┌──

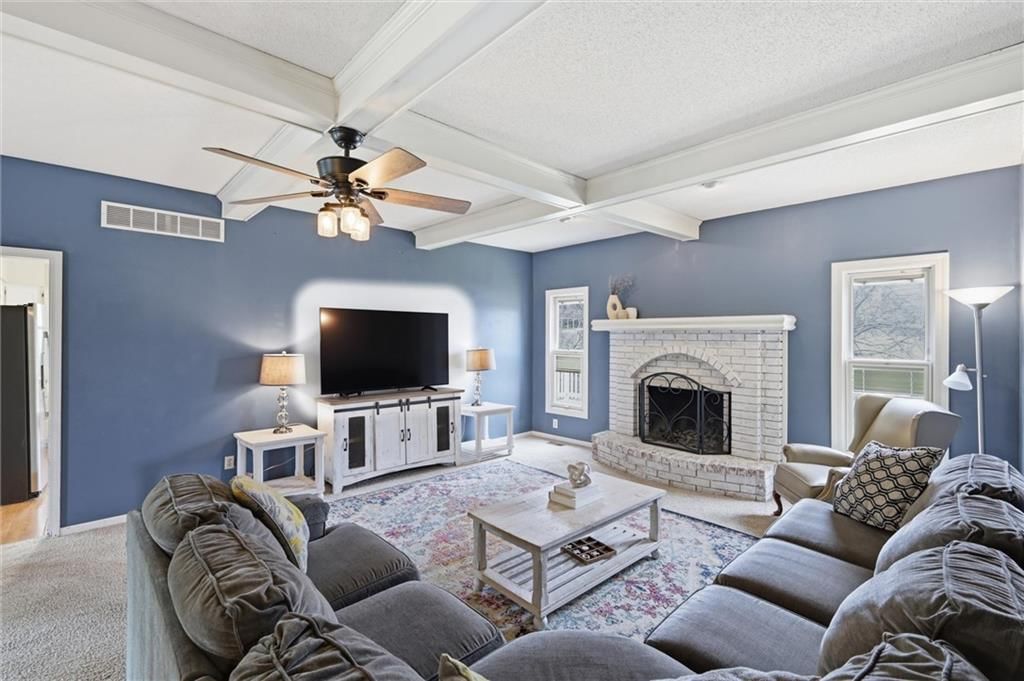 1206 Campbell Street — photo 10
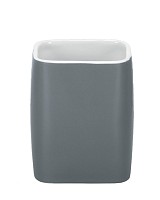 Ποτήρι Cubic Κεραμικό 7,4x9,1 εκ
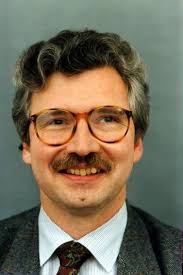 Alt-Wiener Strauss-Ensemble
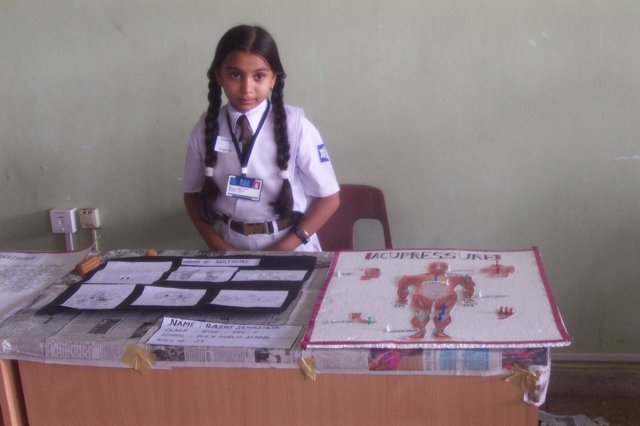 sciencemodelcontest2008039.jpg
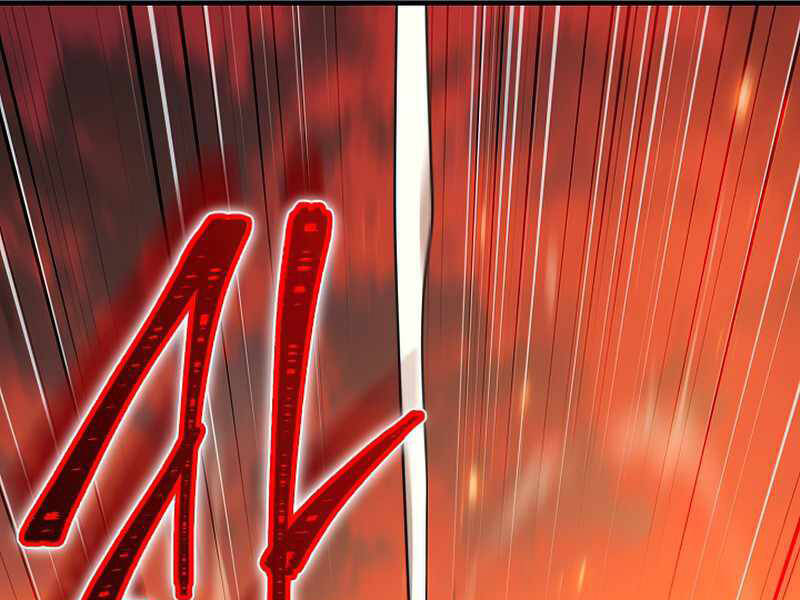 Anh Hùng Trở Về - Chương 26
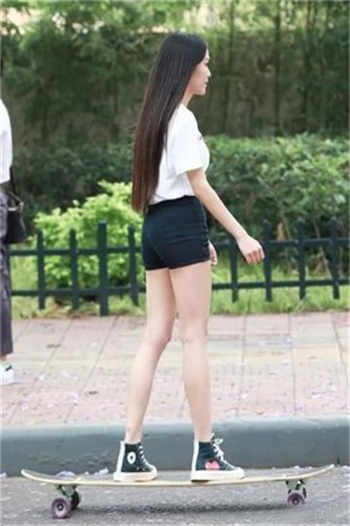 麻衣神算子李义仁复活了吗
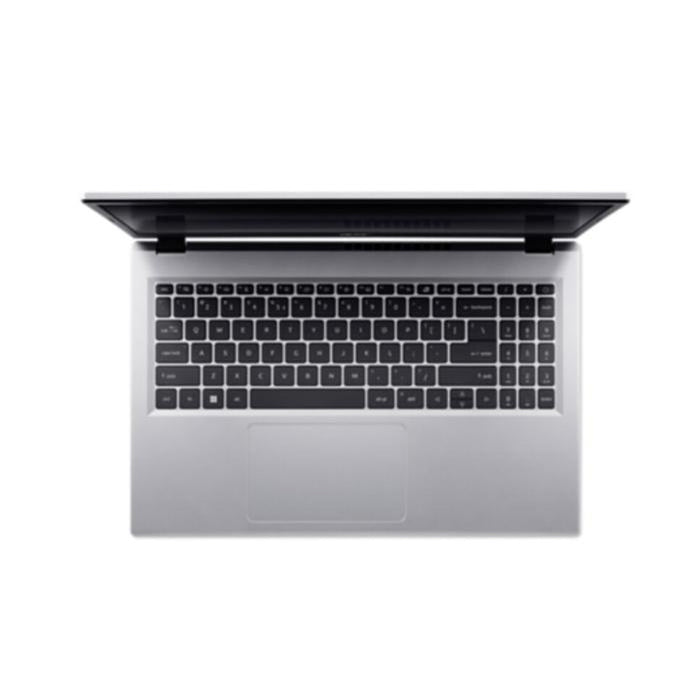 Acer Aspire Go 15 laptop, AG15-41P-R1QC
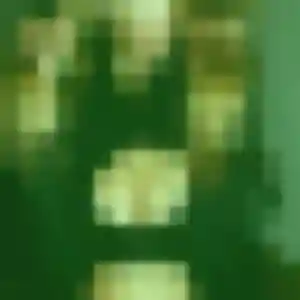 Photo sexy de Hyacinthe, 41 ans à Sausheim - plan discret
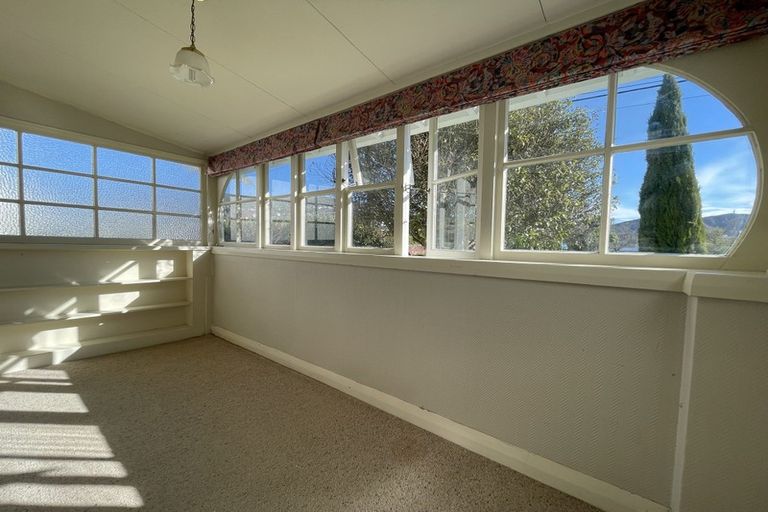 Photo of property in 3 Campbell Street, Karori, Wellington, 6012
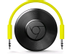 GOOGLE Chromecast Audio Black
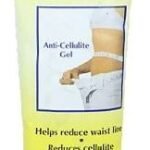 Shahnaz Husain's Vedic Solutions Slimcal Gel, 100g - Fast UK Delivery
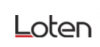 Компания Loten.ru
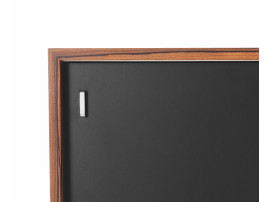 Buffet scandinave FK 100, édition neuve, 3 finitions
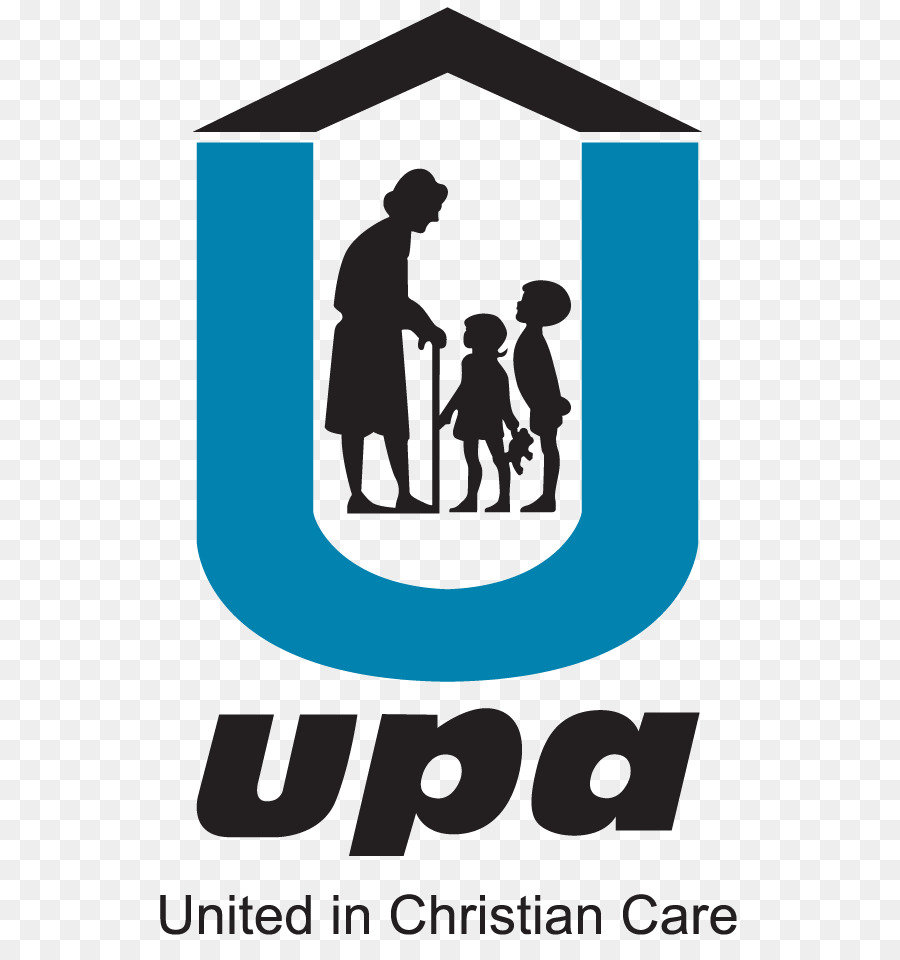 Upa ซิดนี่ย์เหนือ，Upa PNG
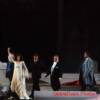 (LA TRAVIATA, Arena di Verona 2003-07-31)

└──

— Activity —
"Upa ซิดนี่ย์เหนือ，Upa PNG" marks the first line to copy; copy that line and every line after it through the last line of the listing, exactly and without pictures.

— Expected answer —
 Upa ซิดนี่ย์เหนือ，Upa PNG
 (LA TRAVIATA, Arena di Verona 2003-07-31)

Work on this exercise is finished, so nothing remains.